Rutlish School is a state comprehensive school for boys, formerly a grammar school with the same name originally located on Rutlish Road, Merton Park, and relocated in 1957 on nearby Watery Lane, Merton Park, in southwest London.

History
The school is named for and honours the benefactor William Rutlish, embroiderer to Charles II. Rutlish was a resident of the parish of Merton and is buried in the churchyard of the parish church of St Mary. Rutlish died in 1687 and left £400 for a school (about £ today) for the education of poor children of the parish.

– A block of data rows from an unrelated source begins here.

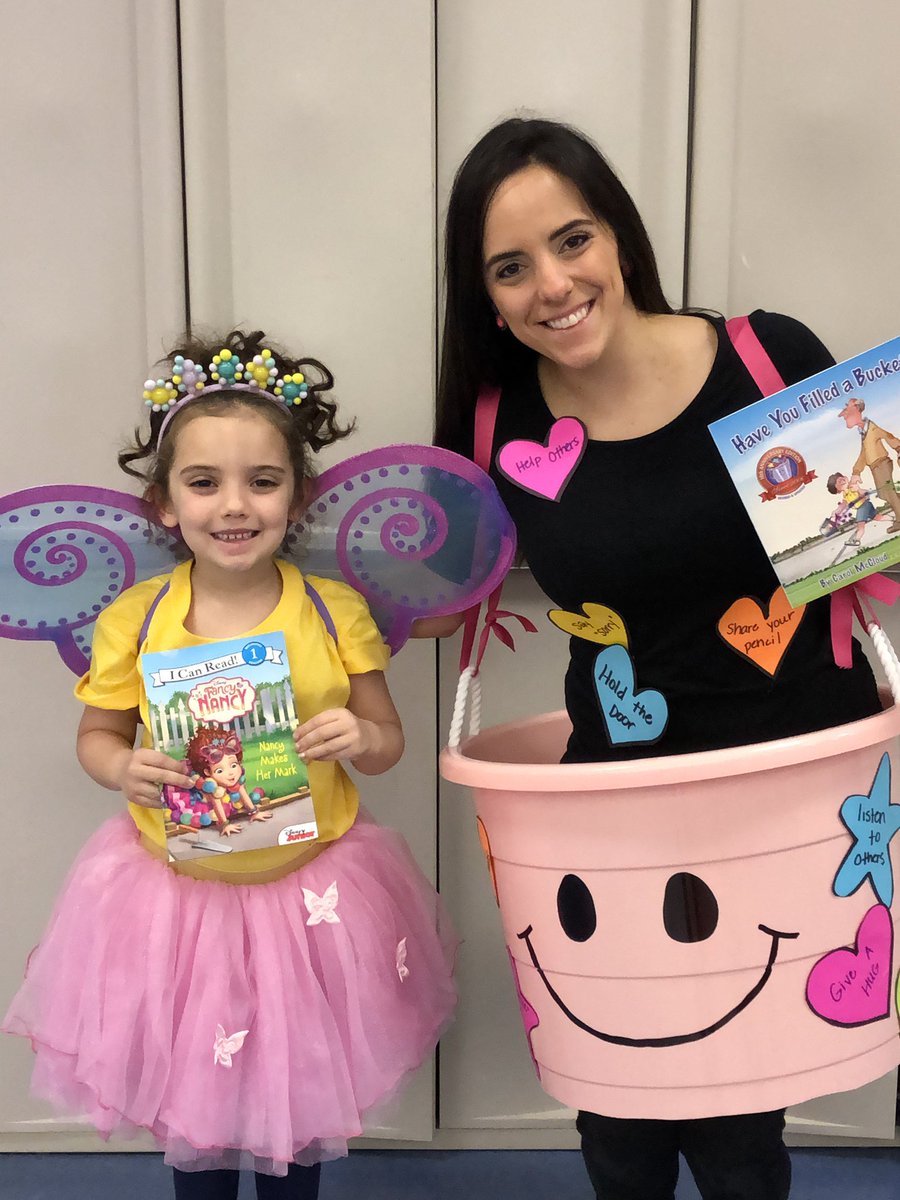 BeesonCounselor's tweet photo. Book Character day was a blast! Have you filled a bucket today? #phillipsreads @PhillipsElem @FISDCounseling https://t.co/ZNadExHZvG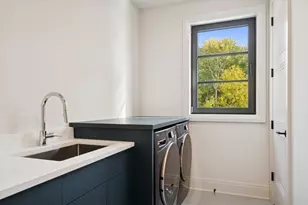 377 S Prairie Ave, Elmhurst, IL 60126 - Photo 49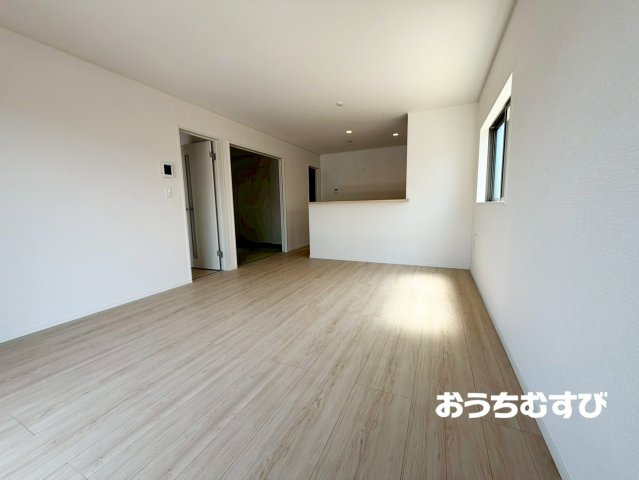 春日井市如意申町第3(全4棟)の居間・リビング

By the 1890s the charity had accumulated a considerable excess of funds and John Innes, a local landowner and chairman of the board of trustees, used some of the excess to establish a school.

Grammar school
The first school building, established as a grammar school in the 1890s, was located in what is still designated Rutlish Road, off Kingston Road, by Merton Park station (now a tram stop). After World War II the school had outgrown its Victorian buildings (and the science block, built in the 1930s, had been destroyed as a result of enemy action) so in the early 1950s, John Innes buildings off nearby Mostyn Road were converted for use as the Junior School.

Though the work was not completed and the heating system was not installed, this opened after a delay, in late September 1953. A new building was planned for the rest of the school, on the present site south of Watery Lane. The new school buildings opened in September 1957.

Both this and the Junior School were on land that had belonged to John Innes and which had been occupied until 1945 by the John Innes Horticultural Institution (now the John Innes Centre in Norwich).  The original buildings in Rutlish Road were later temporarily used as a girls' school (Surrey County Council, Pelham County Secondary Girls School) and then a Middle School (London Borough of Merton, Pelham Middle School, until 1974), buildings subsequently demolished to be replaced by a mix of retirement and warden-assisted flats.

School buildings
The 1957 school buildings are arranged around three sides of a quadrangle. To the north is a four-storey main entrance block (which contained the school library on the top floor, and a CCF rifle range in the roof space) and a three-storey central block of general purpose classrooms facing Watery Lane. To the west is a two-storey science block and to the east a two-storey block containing the canteen on the ground floor and the school hall on the first floor. Attached to the rear of the east block is the school gym. Also in the middle of the two buildings is a maths block on the second floor.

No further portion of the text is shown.